M. James Bordas a regretté que l'approche de la Commission européenne conduise à reporter les difficultés et finalement à entretenir une incertitude préjudiciable aux pays candidats. Il a souligné la nécessité d'adresser aux pays candidats un message clair, de nature à leur redonner confiance, et a souhaité que la délégation prenne position en ce sens.

M. Robert Badinter a estimé que l'élargissement était déjà fait dans les esprits. Son principe étant acquis, il paraît peu réaliste de vouloir faire de la révision des institutions une condition stricte de toute nouvelle adhésion. Le choix de la Commission européenne de ne retenir que certains pays, a-t-il poursuivi, peut sans doute paraître discutable : il en est ainsi pour tout examen de passage ; mais, là également, on a le sentiment que, dans les esprits, les jeux sont déjà faits. L'Union, a-t-il conclu, dispose d'un délai pour réaliser la réforme institutionnelle : la France doit chercher à le mettre à profit, en présentant cette réforme non comme un préalable pouvant compromettre l'élargissement, mais plutôt comme une exigence de raison.

M. Denis Badré , évoquant un entretien récent avec le président du parlement lituanien, a souligné que la séparation des pays candidats en deux groupes aurait des conséquences économiques négatives sur les pays du " deuxième groupe ", qui seraient délaissés par les investisseurs étrangers. Puis, reconnaissant que le processus d'élargissement était irréversible, il a estimé qu'il n'en était que plus nécessaire de réfléchir sur les moyens d'empêcher qu'il ne se traduise par une dilution de l'Union. Il a souhaité que la délégation organise un débat à ce sujet.

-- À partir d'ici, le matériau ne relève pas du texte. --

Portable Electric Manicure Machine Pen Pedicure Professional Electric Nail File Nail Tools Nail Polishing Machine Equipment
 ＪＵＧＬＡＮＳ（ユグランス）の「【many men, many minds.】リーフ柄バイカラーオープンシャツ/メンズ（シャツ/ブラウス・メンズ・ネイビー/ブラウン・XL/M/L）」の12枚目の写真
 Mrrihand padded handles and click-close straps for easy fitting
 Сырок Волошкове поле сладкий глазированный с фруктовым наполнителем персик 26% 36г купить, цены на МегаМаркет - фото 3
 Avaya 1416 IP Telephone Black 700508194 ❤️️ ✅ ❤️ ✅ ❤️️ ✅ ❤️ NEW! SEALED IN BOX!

M. Nicolas About a, à son tour, souligné le caractère historique du processus d'élargissement et a estimé qu'il rendait d'autant plus discutable l'approche sélective de la Commission, la ligne de partage introduite au sein des Etats baltes paraissant à cet égard particulièrement critiquable.

M. Jacques Genton a souhaité qu'une question orale européenne avec débat sur l'élargissement soit inscrite au début de l'année prochaine à l'ordre du jour du Sénat. Puis, la délégation a décidé d'autoriser la publication du rapport d'information.